Functional Reference #1 - by Lois Teicher, b. 1938
Painted Aluminum - 1993, Dearborn, Michigan
Lois Teicher's sculptures serve as the connecting link in a visual dialogue
about tension and resolution in abstract forms. The wedges are an absence
of mass. She defines the wedge as a split- a metaphor for the notion of
duality, of opposites forming a whole. Her sculpture may shift the nature
of the visual dialogue and suggest that superficial similarities may mask
differences in content. Her work bridges the dichotomy between form for
form's sake and object as expression of experience. To understand her work,
confront and meditate on the nature of the materials, their relationship
to form, form's relationship to space and time, and the object's ability
to address the complex duality of externalness to internalness. It's not
so much how her geometric forms occupy space that is significant, but how
she conveys the essence of being, the interiority, masked in industrial
age fabrication.
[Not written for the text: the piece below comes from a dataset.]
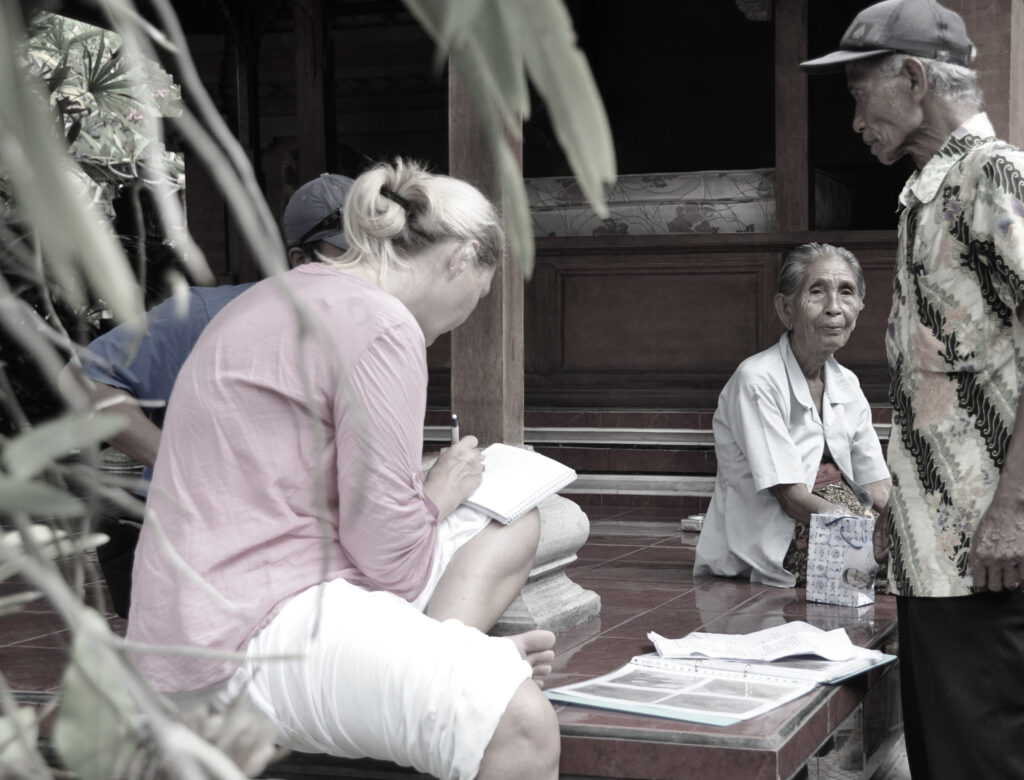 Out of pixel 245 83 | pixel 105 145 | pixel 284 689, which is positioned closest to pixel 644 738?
pixel 284 689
What could be perceived as external and distant is just
the opposite. She uses sheets of painted aluminum to create a focus and
become the vehicle of expression, thus bringing the viewer closer to the
center of experience. The process becomes a significant factor in understanding
her work and reveals an almost simultaneous development of form and idea.
Her process sculpturally reveals a more intellectual approach. She began
to question the nature of human response to form working through the linear
image. The objects can transcend their material nature and become a metaphor
for the interior, private space. Her work has to do with the dualities
that exist in nature. Inner qualities of the self found within, and of
the external world around us. The internal-external interplay unfolds dynamically
in time and space. She views her work as deeply passionate. Her sense of
idealism and commitment to engage one to interact with art has fostered
an interest in creating site-specific works, which respond directly to
the environment and serve as the nexus to realizing the dualities of function
and non-function, and time and space.
Teicher states: My work is a re-statement of nature. In a philosophical
sense, we exist in time and space. I have struggled to understand this
idea of opposites within the context of nature, and in a broader sense,
the whole or total life experience…My work is a metaphor for nature
expressed in different shapes.
Lois Teicher is a Michigan artist and educator who has been honored with
grants and awards from the Michigan Council for the Arts, Detroit Council
for the Arts, Arts Foundation of Michigan, Whirlpool Foundation, C. Corcoran
Gallery and the Pollock-Krasner Foundation in New York City.